What happens next is uncertain. Shapiro’s administration has said it wanted to transition Crozer to a new nonprofit backed by a consortium of local nonprofit health systems, but little progress has been made in forming that group, according to sources involved in the discussions.
“Is the state going to continue to put in money to support it?” said Larry Kaiser, CEO of the College of Physicians of Philadelphia and a former CEO of Temple University Health System.
» READ MORE: The scramble to keep Crozer’s health-care services amid Prospect bankruptcy
Patient needs in Delaware County
A patient-care ombudsman, appointed by bankruptcy court to ensure that care does not deteriorate at the bankrupt hospitals, visited Crozer-Chester and Taylor this week. She “observed excellent patient care during her tours,” according to a statement filed in bankruptcy court Thursday.
The ombudsman urged Prospect and others to continue looking for ways to keep the hospitals open. “The Pennsylvania hospitals provide critical services to an older, lower-income population that may not have the resources (including transportation) to receive care elsewhere,” the statement said.
“This community needs these services,” the ombudsman, Suzanne Koenig, said during the hearing.
The emergency departments at Crozer’s two hospitals had a combined 65,000 visits in 2023. The two units, which share a single license, were the sixth-busiest ED in Southeastern Pennsylvania outside of Philadelphia, according to state health data. Many of these patients rely on Crozer’s ED for primary care, the ombudsman noted.
If Crozer were to close, the closest hospitals are Main Line Health’s Riddle Hospital near Media and Trinity Health Fitzgerald Mercy in Darby, both nearly 10 miles away by car.
Crozer’s tumultuous history under Prospect
Thousands of health-care professionals at Crozer have worked through years of uncertainty since Prospect acquired the then-nonprofit system in 2016. At the time, Prospect was controlled by a private equity firm.
Three years after the acquisition, Prospect sold Crozer’s real estate as part of a 14-hospital deal that raised $1.55 billion. Some of that money was used to pay off debt that funded $457 million in dividends to Prospect executives and its private equity investors. The real estate sale required Crozer and other Prospect health systems to lease back the properties they used to own.
In the fall of 2021, as the coronavirus pandemic was slamming hospitals financially, Prospect started trying to sell Crozer and other East Coast hospitals in Connecticut and Rhode Island.
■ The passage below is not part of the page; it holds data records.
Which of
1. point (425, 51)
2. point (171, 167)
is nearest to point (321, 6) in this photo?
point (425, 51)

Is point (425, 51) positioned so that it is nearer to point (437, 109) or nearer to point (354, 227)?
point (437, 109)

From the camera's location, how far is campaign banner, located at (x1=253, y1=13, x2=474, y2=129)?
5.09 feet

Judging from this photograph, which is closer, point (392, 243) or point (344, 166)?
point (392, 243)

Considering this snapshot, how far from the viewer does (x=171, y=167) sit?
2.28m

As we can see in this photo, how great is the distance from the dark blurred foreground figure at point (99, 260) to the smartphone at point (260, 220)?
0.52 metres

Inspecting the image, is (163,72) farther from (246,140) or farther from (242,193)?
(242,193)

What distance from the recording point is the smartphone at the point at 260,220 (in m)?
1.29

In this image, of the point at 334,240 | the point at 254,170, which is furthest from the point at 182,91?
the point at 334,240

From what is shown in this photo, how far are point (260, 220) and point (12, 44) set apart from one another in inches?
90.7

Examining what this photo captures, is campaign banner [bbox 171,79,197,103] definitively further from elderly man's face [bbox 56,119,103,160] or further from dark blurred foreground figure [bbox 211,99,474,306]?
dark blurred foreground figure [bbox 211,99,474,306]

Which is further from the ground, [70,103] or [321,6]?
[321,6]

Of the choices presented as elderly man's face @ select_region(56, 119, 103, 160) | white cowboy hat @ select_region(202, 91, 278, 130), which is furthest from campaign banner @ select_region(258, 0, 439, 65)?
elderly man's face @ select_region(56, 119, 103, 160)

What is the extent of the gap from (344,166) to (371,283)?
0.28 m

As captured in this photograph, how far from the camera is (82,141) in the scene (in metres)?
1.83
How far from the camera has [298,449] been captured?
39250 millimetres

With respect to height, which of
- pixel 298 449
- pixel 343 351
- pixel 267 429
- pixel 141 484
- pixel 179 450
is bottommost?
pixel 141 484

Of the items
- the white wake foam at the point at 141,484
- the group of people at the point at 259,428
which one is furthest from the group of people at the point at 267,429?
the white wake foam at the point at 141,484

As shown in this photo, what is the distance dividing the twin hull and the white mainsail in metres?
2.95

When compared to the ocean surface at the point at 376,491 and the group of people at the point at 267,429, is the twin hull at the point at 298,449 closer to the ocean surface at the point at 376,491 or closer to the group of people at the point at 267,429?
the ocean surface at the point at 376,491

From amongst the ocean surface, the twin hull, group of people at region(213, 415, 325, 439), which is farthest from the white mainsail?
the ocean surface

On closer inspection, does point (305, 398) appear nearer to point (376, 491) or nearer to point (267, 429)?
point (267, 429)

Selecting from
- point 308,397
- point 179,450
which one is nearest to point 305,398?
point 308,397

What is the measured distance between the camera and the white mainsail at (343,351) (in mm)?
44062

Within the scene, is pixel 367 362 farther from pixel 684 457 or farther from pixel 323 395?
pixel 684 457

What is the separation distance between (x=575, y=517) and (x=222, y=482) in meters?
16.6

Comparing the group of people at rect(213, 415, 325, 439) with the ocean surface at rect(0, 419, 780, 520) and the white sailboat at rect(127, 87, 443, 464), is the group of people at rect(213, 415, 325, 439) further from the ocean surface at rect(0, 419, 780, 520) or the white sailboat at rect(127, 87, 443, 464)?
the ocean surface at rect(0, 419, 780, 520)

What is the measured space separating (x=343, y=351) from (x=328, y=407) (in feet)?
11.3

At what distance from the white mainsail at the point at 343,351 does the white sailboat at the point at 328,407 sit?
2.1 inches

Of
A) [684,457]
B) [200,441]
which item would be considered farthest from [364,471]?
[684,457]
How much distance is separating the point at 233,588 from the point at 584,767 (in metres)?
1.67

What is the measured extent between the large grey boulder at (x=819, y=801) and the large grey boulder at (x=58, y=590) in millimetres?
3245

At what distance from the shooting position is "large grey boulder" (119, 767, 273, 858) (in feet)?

A tentative deal in 2022 to sell Crozer to ChristianaCare, Delaware’s largest health system, fell apart when ChristianaCare decided the deal did not make sense financially. ChristianaCare is now setting itself up to compete with Crozer by building two micro-hospitals in Delaware County. The first is expected to open next year in Aston.
CHA Partners LLC, a New Jersey real estate company that specializes in buying hospital properties and redeveloping them into mixed-use medical facilities, in August reached a tentative deal to acquire Crozer, with the goal of eventually transferring it to a new nonprofit. That deal fizzled out when a financial agreement could not be reached.
Editor’s note: This story was updated with funding information and comment from the governor’s office, details from the court hearing and background on Crozer’s history.